We just released the biggest update to SemanticDiff yet! Version 0.9.0 of our programming language aware diff adds two new languages to our Visual Studio Code extension (HTML and Vue) and three new languages (HTML, Vue, Swift) to our GitHub App. This is combined with enhanced JSX/TSX support and several other improvements.
If you are using the GitHub App, all updates have already been rolled out and no action is required on your part. VS Code users should receive the update automatically when the editor checks for extension updates.
Swift support
Swift is currently only available in our GitHub App. Our VS Code extension will follow once we have a truly portable build of the parser for all 9 supported architectures.

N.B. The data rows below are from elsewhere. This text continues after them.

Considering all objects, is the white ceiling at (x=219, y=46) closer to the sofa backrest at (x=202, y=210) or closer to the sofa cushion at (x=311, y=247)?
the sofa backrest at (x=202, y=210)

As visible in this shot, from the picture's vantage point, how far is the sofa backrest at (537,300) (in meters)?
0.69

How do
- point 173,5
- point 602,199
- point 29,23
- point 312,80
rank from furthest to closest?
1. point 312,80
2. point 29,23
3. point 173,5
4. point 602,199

Before we start with the web technology focused changes, we have an announcement for our macOS/iOS developers. Our SemanticDiff GitHub App can now generate language aware diffs for Swift files. It can, for example, filter out most style changes introduced by swiftlint --fix
and show only actual logic changes. This is especially useful if your files also contain other modifications that would be easily missed in a standard diff amidst all the format changes.

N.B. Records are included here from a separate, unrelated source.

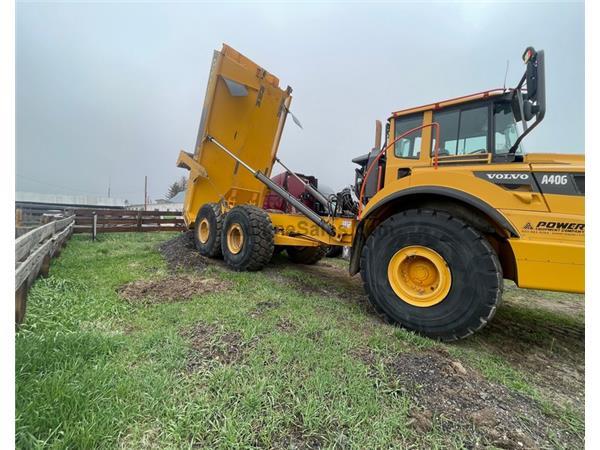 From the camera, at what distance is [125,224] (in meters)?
9.87

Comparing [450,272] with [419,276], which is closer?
[450,272]

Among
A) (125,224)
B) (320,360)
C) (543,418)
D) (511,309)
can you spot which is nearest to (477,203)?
(543,418)

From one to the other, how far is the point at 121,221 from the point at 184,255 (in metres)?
6.08

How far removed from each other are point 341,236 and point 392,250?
4.36 ft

Here are a some screenshots to demonstrate what it looks like. Let’s start with a very simple toy example:
SemanticDiff can also distinguish between stylistic changes and logic changes in less obvious cases:
The full list of invariances (i.e. changes that are not displayed in the diff) includes:
- Adding/Removing whitespaces or line breaks outside of strings and comments
- Adding/Removing optional commas
- Adding/Removing unnecessary parenthesis
- Exchanging numeric literals with equivalent ones in different bases
- Exchanging escaped characters in a string/char with an equivalent representation (e.g. the literal)
If you work with GitHub pull requests and prefer diffs with less noise, you might want to give it a try. You can see what it looks like using a real world example here.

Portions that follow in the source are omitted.